Uma escola privada no interior da Inglaterra, na qual crianças órfãs são incentivadas à criatividade e ao auto-aperfeiçoamento. Nesse aparentemente normal e elogiável cenário se desenrola a trama de Não me abandone jamais (Companhia das Letras, 344 págs., R$ 45), sexta novela do autor Kazuo Ishiguro e provavelmente sua mais amarga reflexão sobre o futuro (nem tão futuro assim) do homem moderno. Um homem que não hesita em lançar mão da ciência – mais especificamente da clonagem – para criar o que acaba por se revelar um monstruoso pesadelo: aquelas crianças e jovens são clones produzidos em verdadeiras fazendas humanas, com a única função de abastecer o mercado de doação de órgãos que os avanços da medicina consolidam. O papel do conhecimento e da educação é tão-somente mantê-los ocupados, ativos e, principalmente, iludidos até o dia em que estiverem prontos para encher as geladeiras dos hospitais de transplantes.

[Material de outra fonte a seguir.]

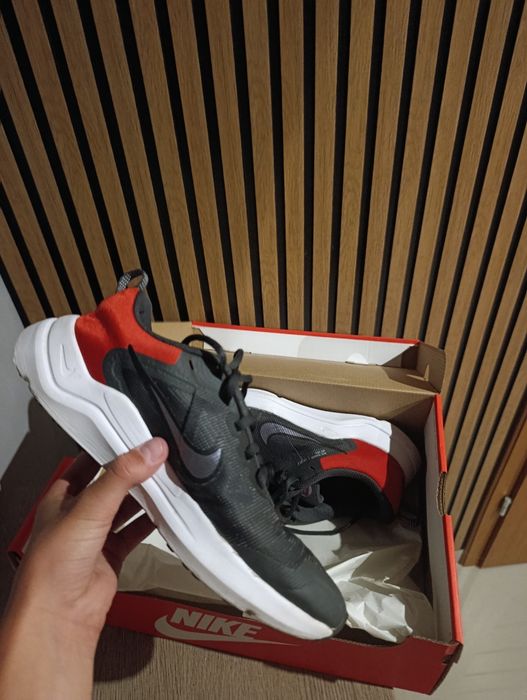 Nike Downshifter 12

Ao contrário do que se poderia imaginar no cenário habitual do politicamente correto, Ishiguro – nascido no Japão, criado desde os seis anos na Grã-Bretanha e hoje um dos mais premiados autores da nova literatura inglesa – não dá ao leitor o benefício da indignação. A história se desenrola dentro de uma lógica de que o destino dos clones é inexorável e não há ao longo de toda a trama mais que uma inócua e insignificante insinuação de revolta moral – e não é, curiosamente, dos próprios interessados. Lembrando irremediavelmente o universo geneticamente predestinado de Admirável mundo novo, de Aldous Huxley, Não me abandone jamais faz questão de, ao contrário daquele, mostrar que é do homem se acostumar a tudo, até à aberração. Sua leitura incomoda pela absoluta indiferença que o terror desperta nos que por ele serão afetados. Os fatos da vida dos personagens do livro, narrados por uma cuidadora dos clones que iniciaram seu caminho de doações até a morte inevitável, clone ela também e, portanto, futura doadora, não chocam o leitor, apenas o intrigam. A resignação, que pode parecer absurda a olho nu, percorre toda a narrativa sem sequer assumir-se como bandeira. Não há, ao longo de toda a história, heróis ou bandidos, mas apenas uma realidade nua e assustadora – porque impressionantemente verossímil.